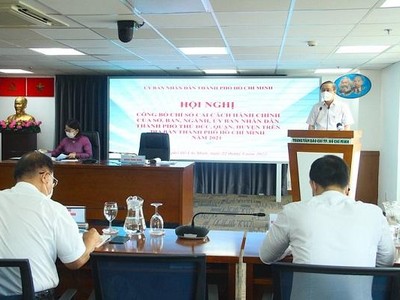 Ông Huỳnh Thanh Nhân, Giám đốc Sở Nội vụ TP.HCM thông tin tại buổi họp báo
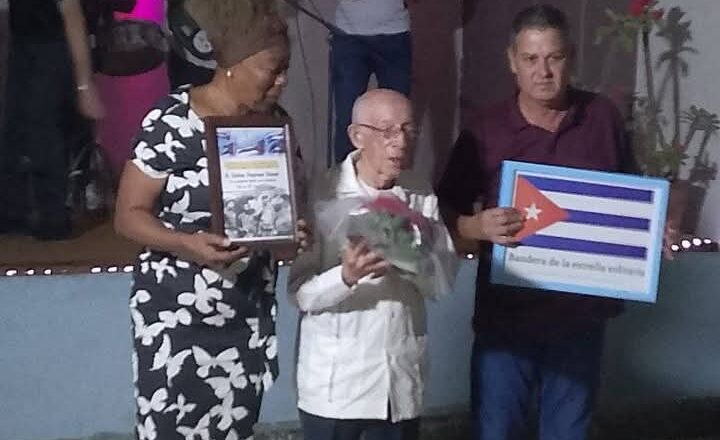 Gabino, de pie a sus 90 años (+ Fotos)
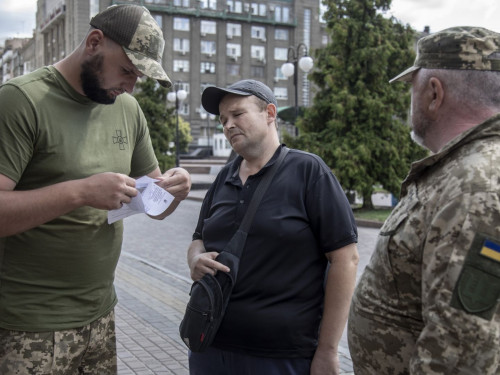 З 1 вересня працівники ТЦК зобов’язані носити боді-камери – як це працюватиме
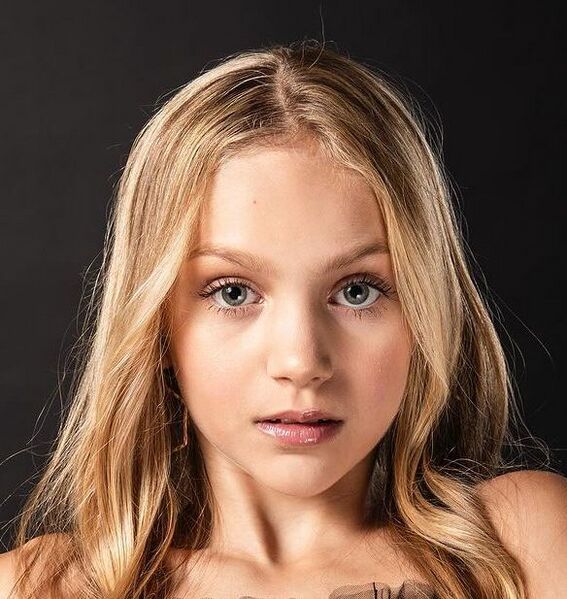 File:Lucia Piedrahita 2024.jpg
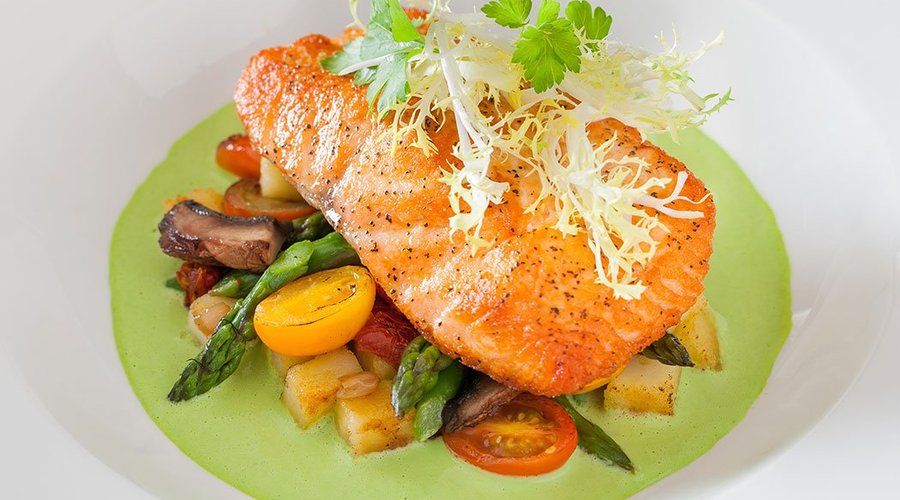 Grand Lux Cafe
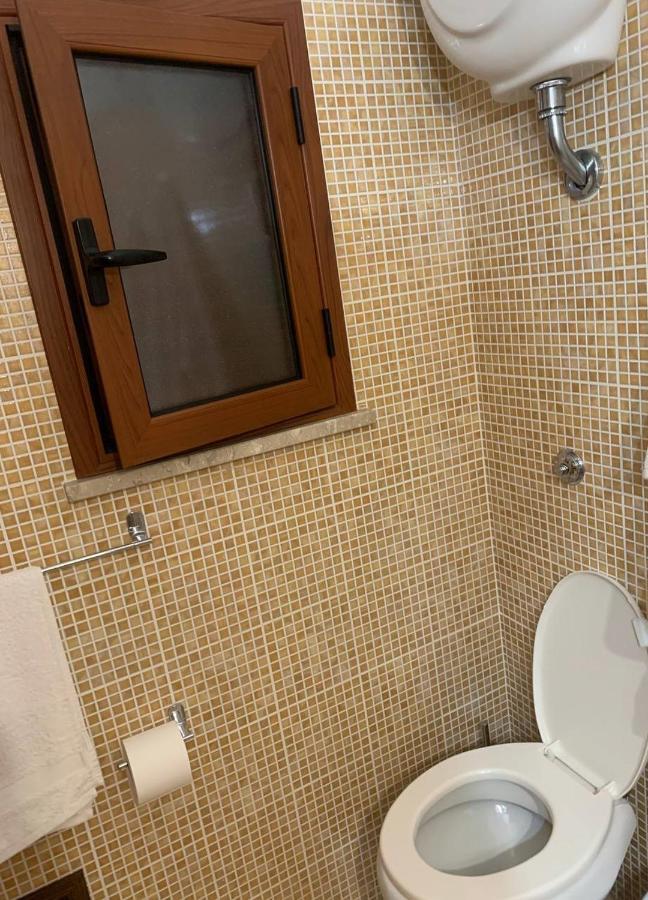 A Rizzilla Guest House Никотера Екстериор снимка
· · · · · · ·
### Problem
Only the lines from the line with "File:Lucia Piedrahita 2024.jpg" to the end of the records should be repeated, exactly and without pictures.

### Solution to the problem
 File:Lucia Piedrahita 2024.jpg
 Grand Lux Cafe
 A Rizzilla Guest House Никотера Екстериор снимка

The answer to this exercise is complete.